Location
- 20000 Evergreen Road Detroit, Michigan United States 42°26′20″N 83°14′17″W﻿ / ﻿42.439°N 83.238°W

Information
- Established: 1957
- Principal: Michael Mokdad
- Teaching staff: 34.60 (FTE)
- Enrollment: 605 (2023–2024)
- Student to teacher ratio: 17.49
- Colors: Brown and Gold
- Athletics conference: Detroit Public School League
- Nickname: Trojans
- Website: www.detroitk12.org/ford

= Henry Ford High School =

High school in Detroit, Wayne County, Michigan

Henry Ford High School is located at 20000 Evergreen Road, on the northwest side of Detroit, Michigan. The facility is staffed and operated by Detroit Public Schools. Ford High opened its doors on September 5, 1957; it was constructed to accommodate an overflow of students from nearby Cooley, Mumford, and Redford high schools. In 2007, DPS closed Redford High School. As a result, Henry Ford High School now serves the Detroit sub-community of Old Redford. DPS will re-assume control of Henry Ford High School in fall 2017.

==School history==
Built on Detroit's West side in the late 1950s, the school was completed in Fall 1962. Ford was built to accommodate the student overflow from Mumford, Redford, and Cooley high schools as population increased in this area. When it first opened, Ford's north-side was a bare cinder-block wall. When it was removed a few years later, the school's classroom sections were connected to the auditorium and gym.

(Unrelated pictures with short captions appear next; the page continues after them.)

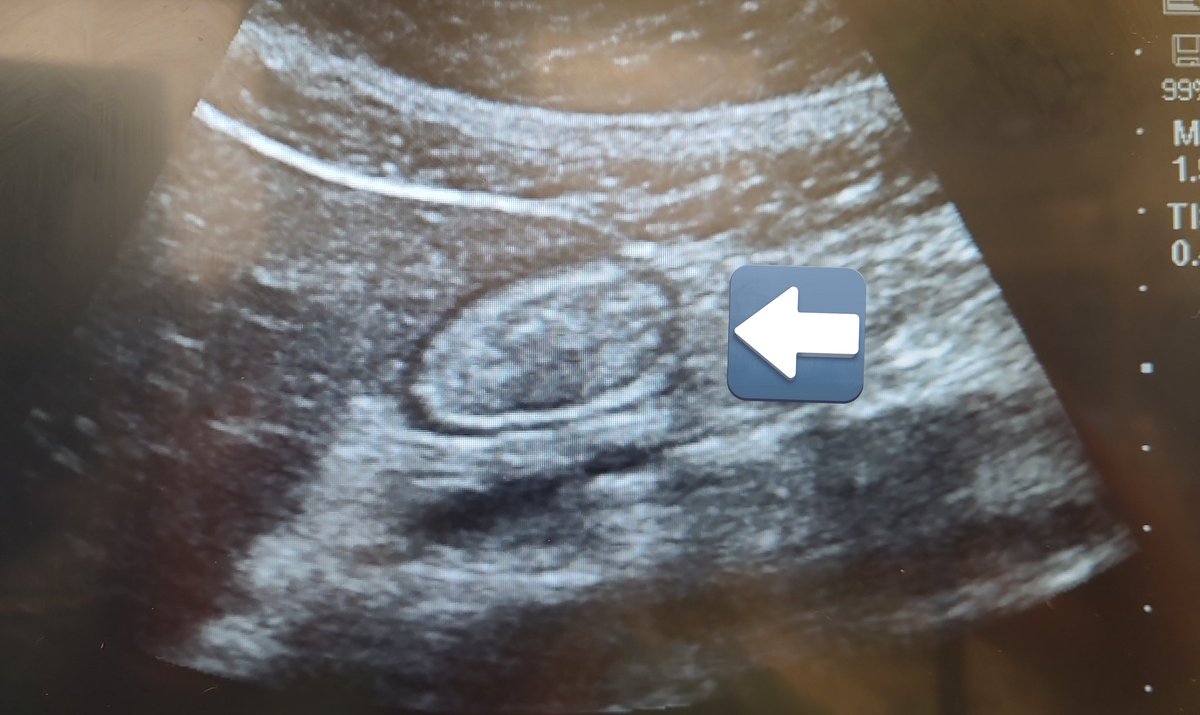 mariapsebastian's tweet photo. After the fantastic #POCUS course led by @rosie_hogg and @elboghdadly I scanned my empty and full stomach👇Although I need more practice,Its a relatively(and surprinsingly) easy skill to learn!Come and learn with them, @BridgetPulos and @Nadia_Hdz_MD to #RAUK24 London 2nd-3rdMay https://t.co/SMaUPbfxl4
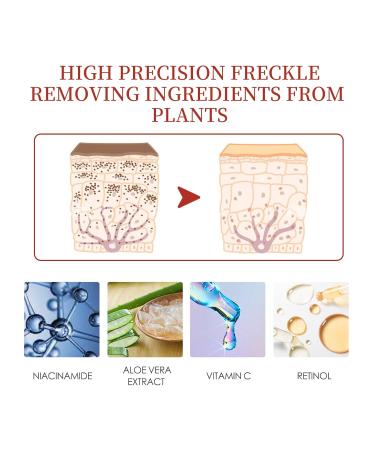 2Pcs Crema Para Manchas Oscuras En La Cara Cremas Para Las Manchas de La Cara Crema Aclaradora Para Piel Manchas En Cara - Buy Online on GoSupps.com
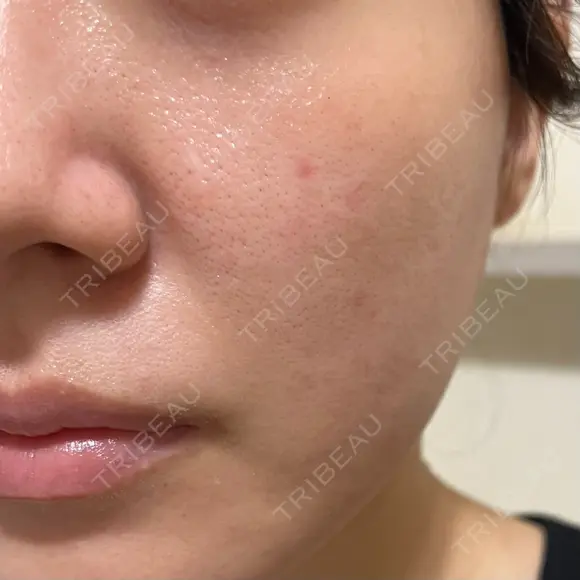 ヴェルヴェットスキン 形成外科と美容外科のクリニック池袋 DAY 6 メイン用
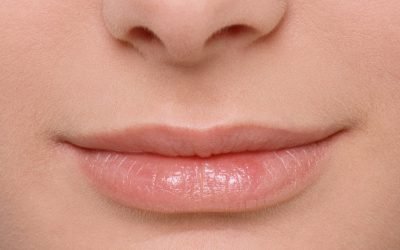 Опухла верхня губа: причини і методи лікування набряку
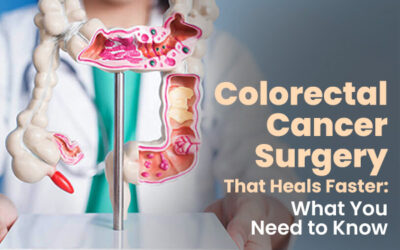 Colorectal Cancer Surgery That Heals Faster: What You Need to Know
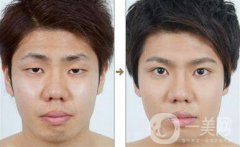 男士割雙眼皮果怎樣？有哪些方式？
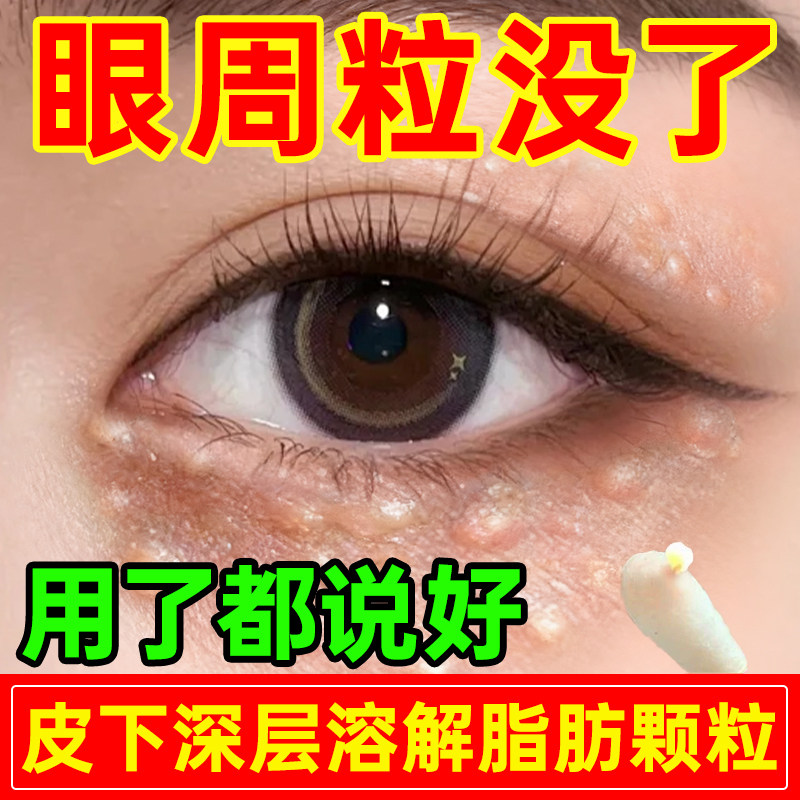 仁和匠心脂肪粒去除神器汗管眼部眼周瘤眼霜药祛专用膏官方旗舰店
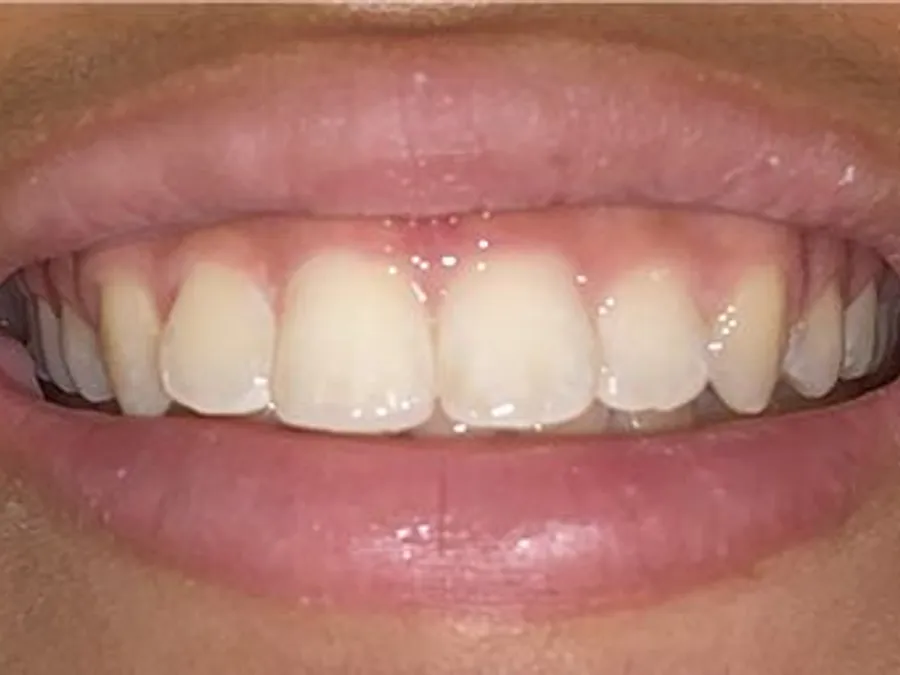 Composite Bonding, after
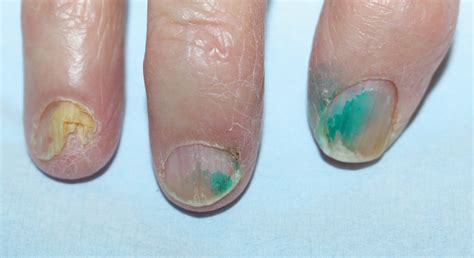 What Causes Green Under Fingernails at Luke Earsman blog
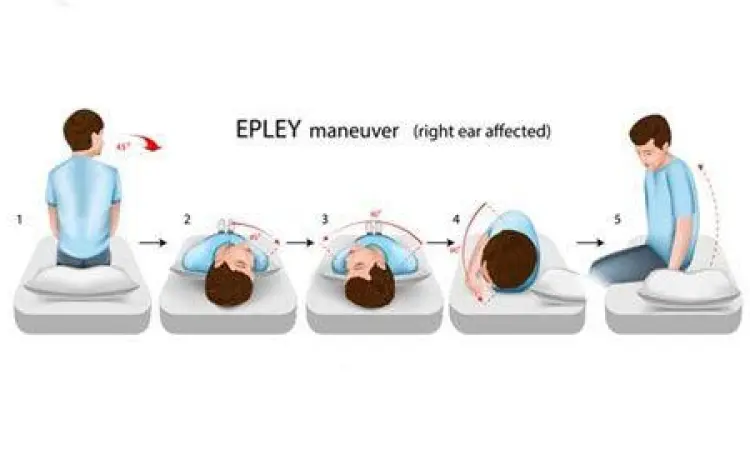 Teknik manuver Epley untuk mengatasi BPPV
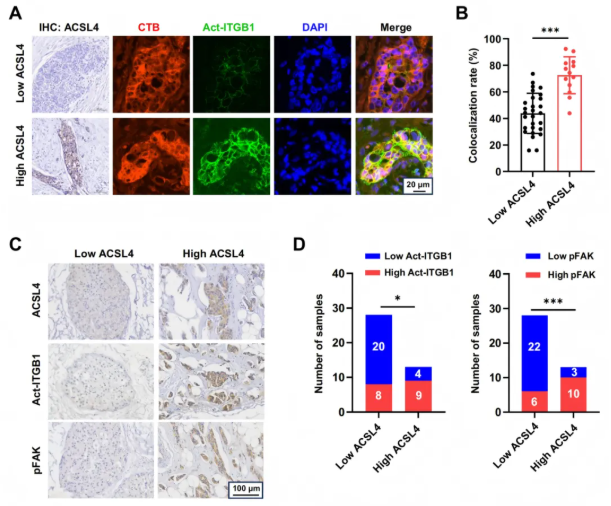 Cancer Res. (IF=16.6)｜重庆医科大学研究团队：ACSL4驱动磷脂重塑解析TNBC转移，点亮靶向联合化疗新路径(图8)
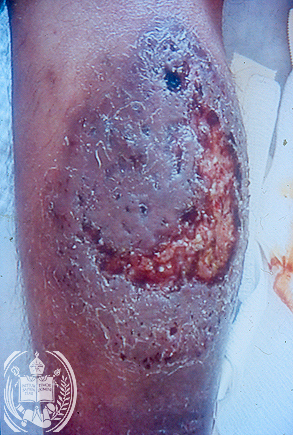 Prototekoza skórna u czowieka; Facultad de Medicina, Universidad de Los Andes, Venezuela; http://www.saber.ula.ve/tropical/contenido/capitulo15/capitulo65/contenidocapitulo-en.html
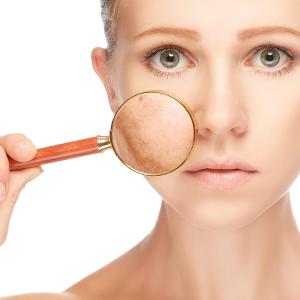 Topical therapy plus microneedling safe, effective in melasma management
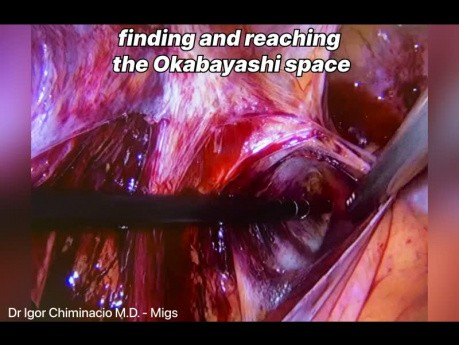 Operacja endometriozy - Wertheim-Okabayashi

Less than three years after the January 1955 ground breaking ceremony, Detroit's Henry Ford High School (located on Evergreen Rd, between Trojan and Fargo) opened its doors to 9th and 10th grade students on September 5, 1957. The school was built on a 23.5 acre site (costing $120,000), which was part of a parcel of land known as Southfield Woods. The building cost was $2.275M. At that time Ford consisted mainly of classrooms and a cafeteria – there was no 11th or 12th grade until the fall of 1959. Ford had no gym, auditorium, or laboratory facilities. Its initial capacity was designed for 1,225 people. The initial enrollment was 1,541 students and 64 faculty. Construction of additional facilities were completed by the end of 1962.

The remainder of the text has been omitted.